### Activity:
Below are the records; copy exactly the stretch from the line containing "sz XL Padres Gwynn grey SD script henley sga" through the line containing "Восхитительный молочный опал, драгоценный", both ends included, and nothing else.

### Dataset:
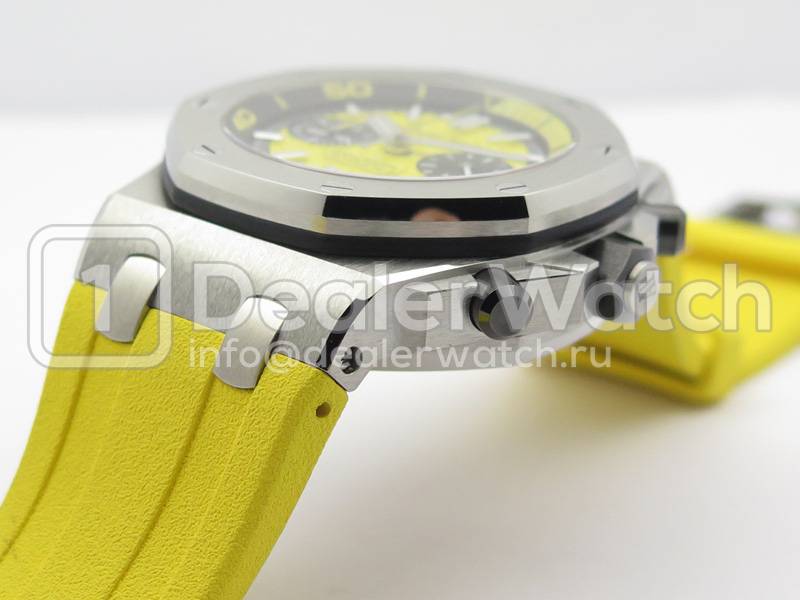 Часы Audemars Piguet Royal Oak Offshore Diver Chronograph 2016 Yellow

--

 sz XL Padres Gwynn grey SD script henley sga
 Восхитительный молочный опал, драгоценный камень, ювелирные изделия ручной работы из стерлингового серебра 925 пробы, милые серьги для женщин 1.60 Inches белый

...

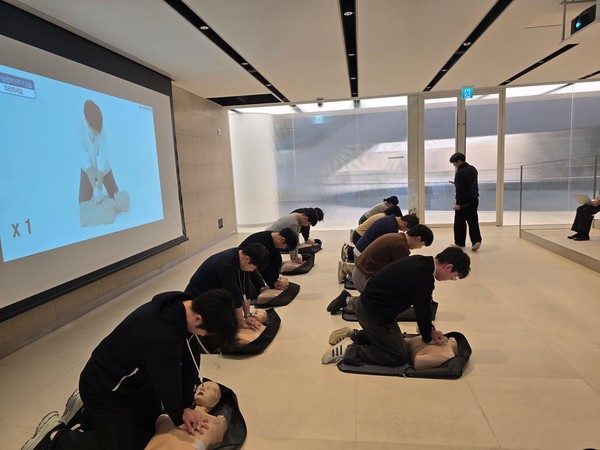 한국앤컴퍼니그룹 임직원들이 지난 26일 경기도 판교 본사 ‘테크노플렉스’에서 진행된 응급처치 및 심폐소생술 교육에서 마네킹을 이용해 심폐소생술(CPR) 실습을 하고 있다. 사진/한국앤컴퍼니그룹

### Solution:
 sz XL Padres Gwynn grey SD script henley sga
 Восхитительный молочный опал, драгоценный камень, ювелирные изделия ручной работы из стерлингового серебра 925 пробы, милые серьги для женщин 1.60 Inches белый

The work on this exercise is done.